Inducing Honest Behaviour on Amazon's Mechanical Turk
Recent years have seen an increased interest in crowdsourcing as a way of obtaining information from a large group of workers at a reduced cost. It has been widely reported, however, that crowd workers are not necessarily honest when performing a task in the absence of a well-chosen incentive structure. A crucial question that then arises is how to incentivize self-interested workers to behave honestly in crowdsourcing settings.
In this talk, I will describe how economic incentives might induce honest behaviour on Amazon’s Mechanical Turk, currently one of the most popular crowdsourcing platforms.
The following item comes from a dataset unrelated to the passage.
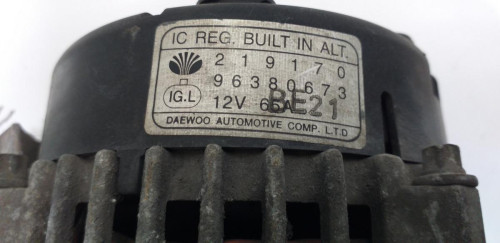 ALTERNADOR Daewoo MATIZ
In particular, I will show how in theory a simple payment function that works by rewarding agreements between workers’ reports is enough to induce honest behaviour on Amazon’s Mechanical Turk.
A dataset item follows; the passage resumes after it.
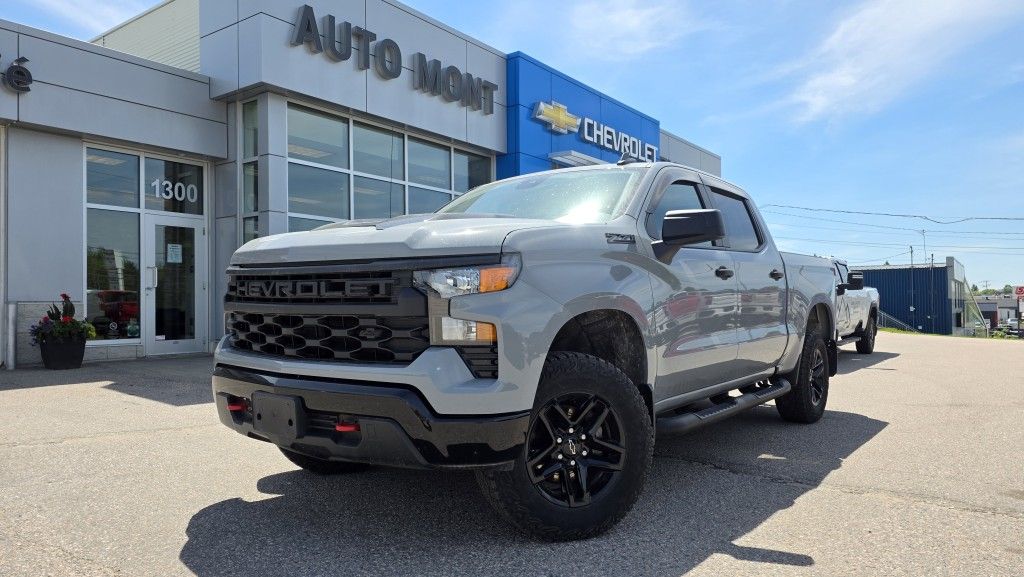 Chevrolet Silverado 1500 Custom TrailBoss 4X4 2024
From an empirical perspective, I will describe the results of a content-analysis experiment on Amazon’s Mechanical Turk that indicate that the presence of economic incentives based on pairwise comparisons results in reports that are more accurate than when such incentives are not present.
Arthur Carvalho is a PhD candidate in the David R. Cheriton School of Computer Science at the University of Waterloo. His research interests are in the design of economic mechanisms to incentivize self-interested agents to behave in desirable ways, and in the design of methods to elicit and aggregate information from agents in order to build collective intelligence.